The Cost of Dynamism (was Re: Pyhon 2.x or 3.x, which is faster?)

BartC bc at freeuk.com
Thu Mar 24 10:16:06 EDT 2016


On 24/03/2016 14:08, Jon Ribbens wrote:
> On 2016-03-24, BartC <bc at freeuk.com> wrote:
>> On 24/03/2016 13:50, Steven D'Aprano wrote:
>>> Likewise clearing a list:
>>>
>>> for i in range(len(mylist)-1, -1, 0):
>>>       del mylist[i]
>>
>> That's wouldn't be I'd call clearing a list, more like destroying it
>> completely!
>>
>> How would you actually clear a list by traversing it (ie. not just
>> building a new one)?
>>
>> This doesn't work:
>>
>>     for x in L:
>>        x=0
>>
>> as each x only refers to the value in each element of L, not the element
>> itself (like the pass-by-reference problem).
>>
>> I'd presumably have to do:
>>
>>    for i in range(len(L)):
>>      L[i]=0
>
> That's kind've a weird thing to want to do;

The thing I'm trying to demonstrate is changing an element of a list 
that you are traversing in a loop.
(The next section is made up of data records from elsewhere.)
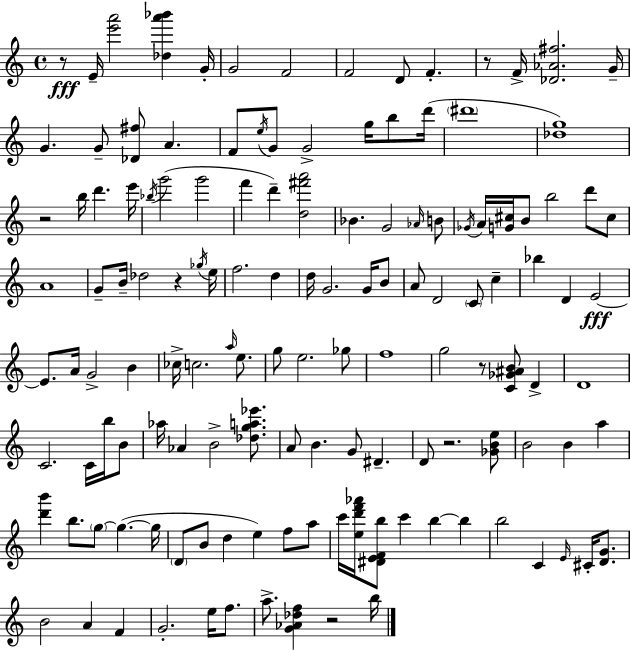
{
  \clef treble
  \time 4/4
  \defaultTimeSignature
  \key c \major
  r8\fff e'16-- <e''' a'''>2 <des'' a''' bes'''>4 g'16-. | g'2 f'2 | f'2 d'8 f'4.-. | r8 f'16-> <des' aes' fis''>2. g'16-- | \break g'4. g'8-- <des' fis''>8 a'4. | f'8 \acciaccatura { e''16 } g'8 g'2-> g''16 b''8 | d'''16( \parenthesize dis'''1 | <des'' g''>1) | \break r2 b''16 d'''4. | e'''16 \acciaccatura { bes''16 } g'''2( g'''2 | f'''4 d'''4--) <d'' fis''' a'''>2 | bes'4. g'2 | \break \grace { aes'16 } b'8 \acciaccatura { ges'16 } a'16 <g' cis''>16 b'8 b''2 | d'''8 cis''8 a'1 | g'8-- b'16-- des''2 r4 | \acciaccatura { ges''16 } e''16 f''2. | \break d''4 d''16 g'2. | g'16 b'8 a'8 d'2 \parenthesize c'8 | c''4-- bes''4 d'4 e'2~~\fff | e'8. a'16 g'2-> | \break b'4 ces''16-> c''2. | \grace { a''16 } e''8. g''8 e''2. | ges''8 f''1 | g''2 r8 | \break <c' ges' ais' b'>8 d'4-> d'1 | c'2. | c'16 b''16 b'8 aes''16 aes'4 b'2-> | <des'' g'' a'' ees'''>8. a'8 b'4. g'8 | \break dis'4.-- d'8 r2. | <ges' b' e''>8 b'2 b'4 | a''4 <d''' b'''>4 b''8. \parenthesize g''8~~ g''4.~(~ | g''16 \parenthesize d'8 b'8 d''4 e''4) | \break f''8 a''8 c'''16 <e'' d''' f''' aes'''>16 <dis' e' f' b''>8 c'''4 b''4~~ | b''4 b''2 c'4 | \grace { e'16 } cis'16-. <d' g'>8. b'2 a'4 | f'4 g'2.-. | \break e''16 f''8. a''8.-> <g' aes' des'' f''>4 r2 | b''16 \bar "|."
}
Not necessarily set all elements to 
the same value.

  if you thought you needed
> to do that then most likely what you should actually be doing is
> re-writing your code so you no longer need to. However, you could do:
>
>    L[:] = [0] * len(L)

OK, but that's just building a new list as I've already mentioned.

Or is the Pythonic way, when you want to change some elements of a list 
to just build a new one that incorporates those changes?